WHAT NEEDS TO BE DONE => Nothing but an exact repeat of the data, with pictures removed, belongs in the answer.

DATA SUPPLIED =>
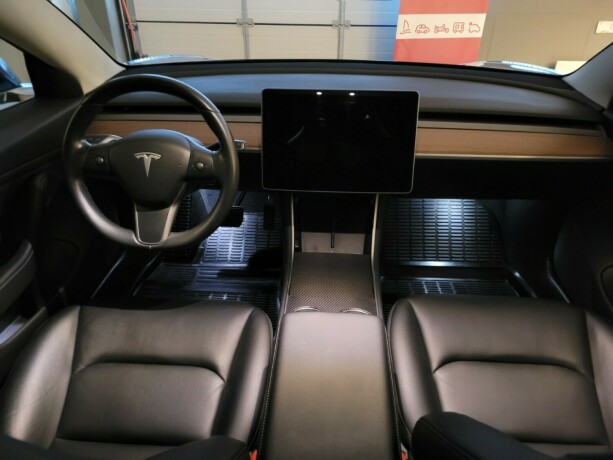tesla-model-3-elektrisitet-2019-big-36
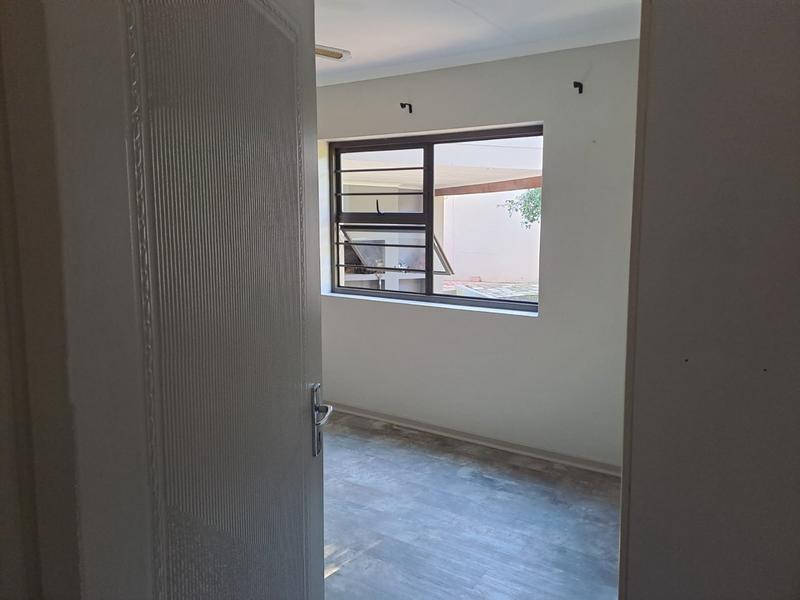 To Let 3 Bedroom Property for Rent in Rooi Rivier Rif Western Cape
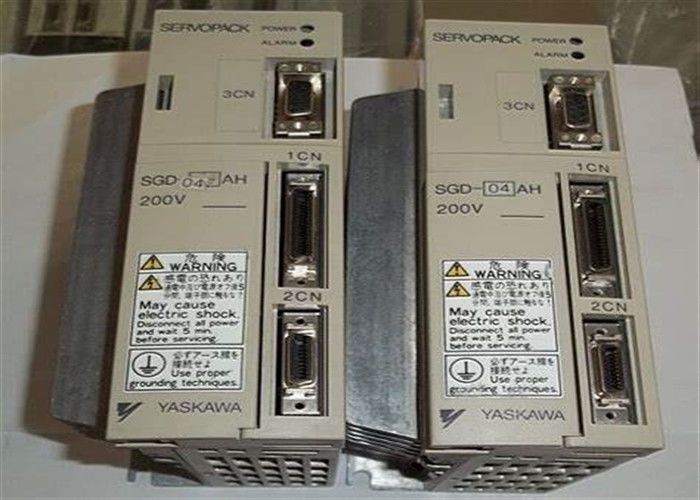 Yaskawa SGD-04AH 200V AC Servo Drives Nuovo in scatola originale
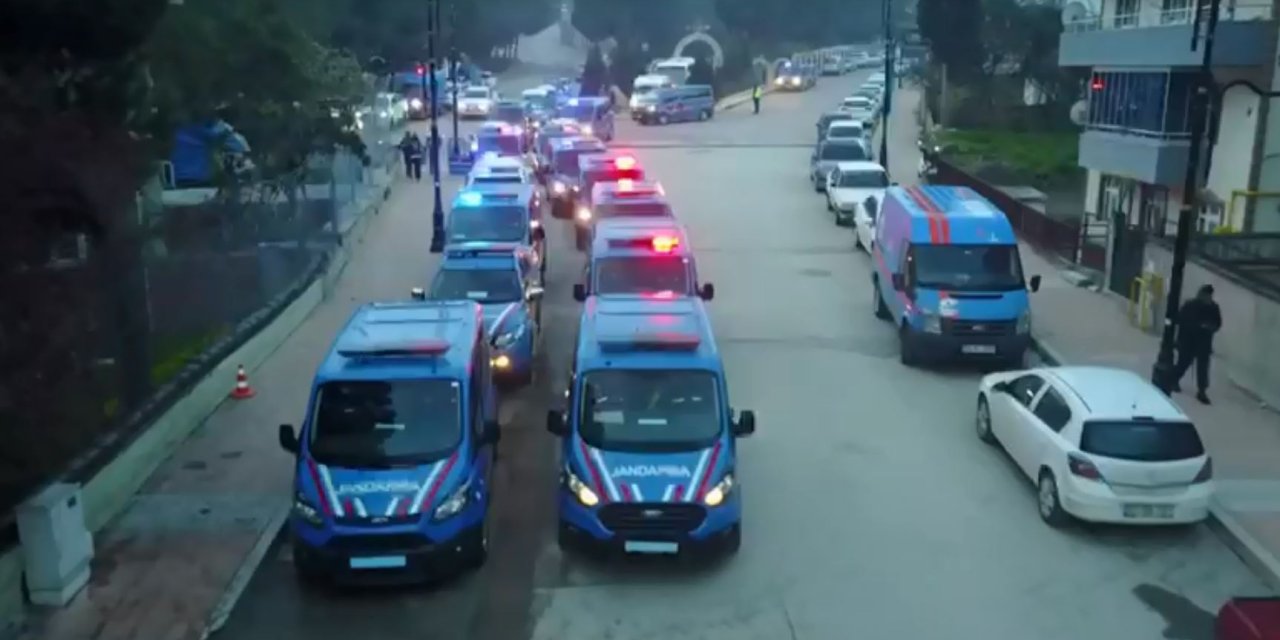 Bakan Yerlikaya: 'Kafes' Operasyonlarında 2 Çete Çökertildi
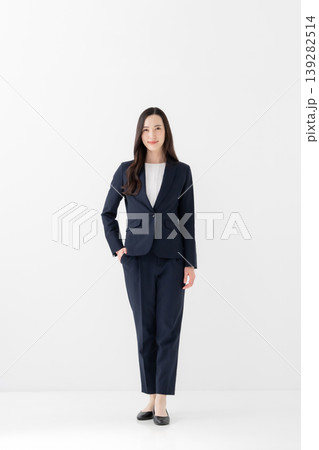 ビジネス　女性 139282514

THE ANSWER =>
tesla-model-3-elektrisitet-2019-big-36
 To Let 3 Bedroom Property for Rent in Rooi Rivier Rif Western Cape
 Yaskawa SGD-04AH 200V AC Servo Drives Nuovo in scatola originale
 Bakan Yerlikaya: 'Kafes' Operasyonlarında 2 Çete Çökertildi
 ビジネス　女性 139282514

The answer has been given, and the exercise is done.